Padlangs Namibia

Living at the edge of Fish River Canyon

Written by Manni Goldbeck | Apr 9, 2025 12:25:32 PM
When Gondwana bought its first pieces of land in the area bordering the Fish River Canyon in the late 90s, the area was bone dry after an extended drought. It wasn’t the first major drought and wouldn’t be the last. In the 70s, a brutal drought had also ravaged the land, testing the mettle of all men. I came across the farm, Altdoring, one of the last farms to survive in the area, where the Fouries had persevered against all odds; a place that - regardless of the hardships - had entered their hearts, a place they called home.
 
 
By the time I visited, the old people with their sun-kissed faces and wide smiles had already passed on and their children had inherited the farm. In the simple farmstead, we leafed through the old timeworn photographs and reminisced about the Fouries and their lives at Altdoring (‘Altdorn’ - Old Thorn). I later gained more detail from the article written by August Sycholt that appeared in Ster magazine in 1973. At that stage Christiaan and Johanna Fourie hadn’t had a neighbour for nine years. They lived from karakul farming and their goats. Sometimes grazing was so scarce that there was only dust for the animals to eat. Although Christiaan had sunk over sixty boreholes on the 15 000-hectare property, only a few gave water, and the extreme heat that builds up in the canyon and blows the clouds away to the east and west, left little chance of rainshowers. When they had moved to the farm in the 50s, they arrived on a small donkey cart and lived in a shelter among the rocks until they could build up their karakul herd sufficiently to afford to build a house. Three or four times in the year they would travel to town to buy groceries and sell their karakul pelts. They were mostly self-sufficient. Johanna made her own ‘boereseep’ (farmer soap) from karakul fat, baked her own bread and made her own ‘konfyt’ (jam). Occasionally they would hunt for the pot. If the drought was particularly bad, they moved to other areas and lived in tents. Life was simple, and although they didn’t have much in the way of possessions, they were rich in spirit. They loved their land and wouldn’t have traded it for anything in the world.
 
The farm was not far from the grave of Thilo von Trotha (nephew of the infamous Lothar von Trotha) in the southern section of the canyon.

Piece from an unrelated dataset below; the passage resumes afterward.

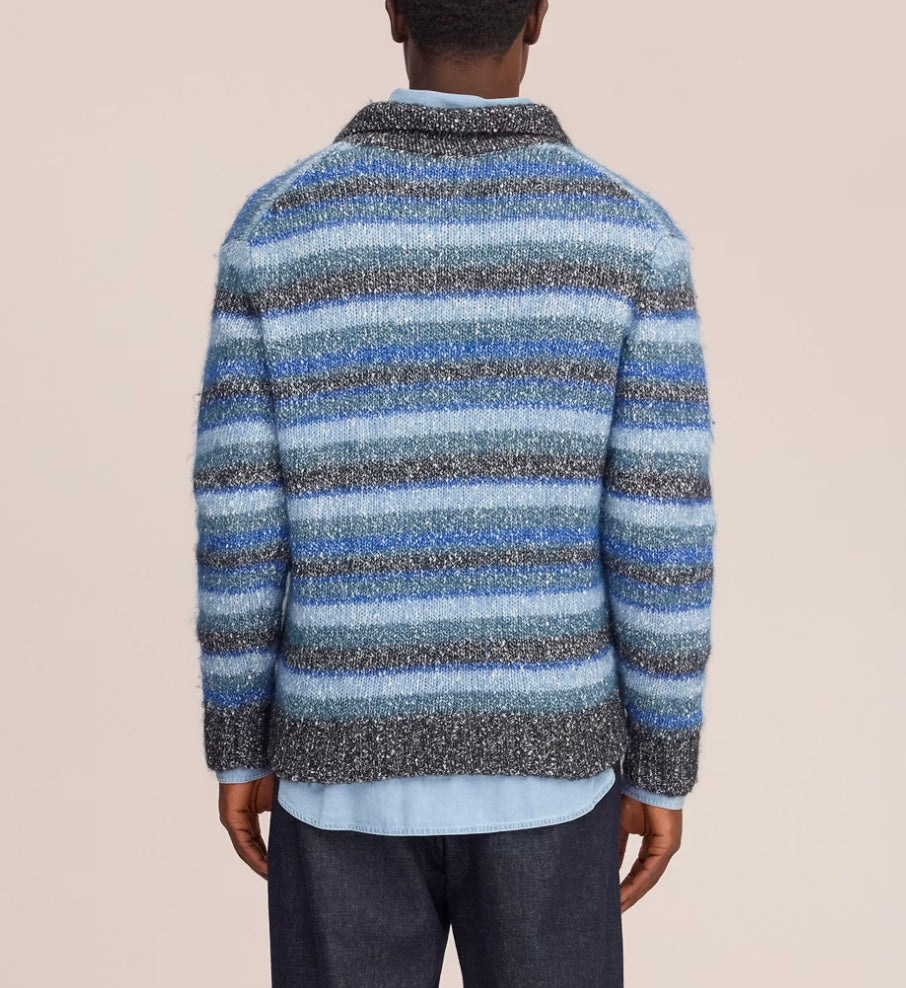NN.07 Erling Textured Bouclé Polo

Thilo was killed there in 1905 in a skirmish between German and Nama groups while he was engaged in peace talks with Nama leader, Cornelius Frederiks. At the time Christiaan Fourie was one of the only people who knew where the grave was located and on occasion would take Trotha relatives from overseas to visit the site, building up friendships over the years.
 
 
As the sun shone down on the canyon land, the two Fourie sons drove me around the farm and recounted the story of their childhood. They told me how they had lived in the school hostel in Karasburg and that their vacations at home involved a lot of farm work. There were rarely workers employed and the children were put to work, repairing fences and lending a hand where needed. When they completed their schooling, they moved to the towns and took up other professions. With the old folk gone and another drought having recently swept by, they finally felt it was time to sell the farm.
 
They were among the farmers who were eager to sell their land in the late 1990s, no longer able to survive after the drought and the collapse of the karakul market. It was at this time that a handful of like-minded men envisioned a conservation area in the canyon surrounds. The land had been denuded by years of drought and intensive sheep farming, and little wildlife remained. They realised that tourism would be the only sustainable avenue to fund such a conservation area. The seed that would become the Gondwana Collection Namibia was planted and would grow over the next thirty years into the current countrywide collection of lodges. Altdoring became part of the 130 000-hectare Gondwana Canyon Park, one of the largest privately-owned conservation areas in southern Africa. As the land was rewilded, animal species that had once lived in the area were gradually reintroduced, farm fences were dismantled to allow wildlife to roam freely and all signs of human habituation were removed. All that remains of Altdoring today is an old rusting vehicle that stands along the roadside between Canyon Lodge and Ai-Ais. Once used to convey rocks for jackal-proof fencing, the bakkie was abandoned when it stopped working and was too costly to repair. Picturesque and riddled with bullet holes, it has become a landmark along the route where travellers now stop for a photograph that exudes canyon character and charm.
 
 
I often stop here on my way past, switching off the engine of my car and walking over to the old bakkie. I am usually alone and I remember the Fouries, grateful for having learned their story and appreciating their deep love for the land. The flat tops of the canyon plateau stretch around me, punctuated by scraggly bushes and a robust quiver tree that rises from the stony ground. It is eerily silent except for the fan of the old car that spins perpetually in the wind, forever reminding us of the lives that grew and blossomed in this unlikely setting on the edge of the second largest canyon in the world.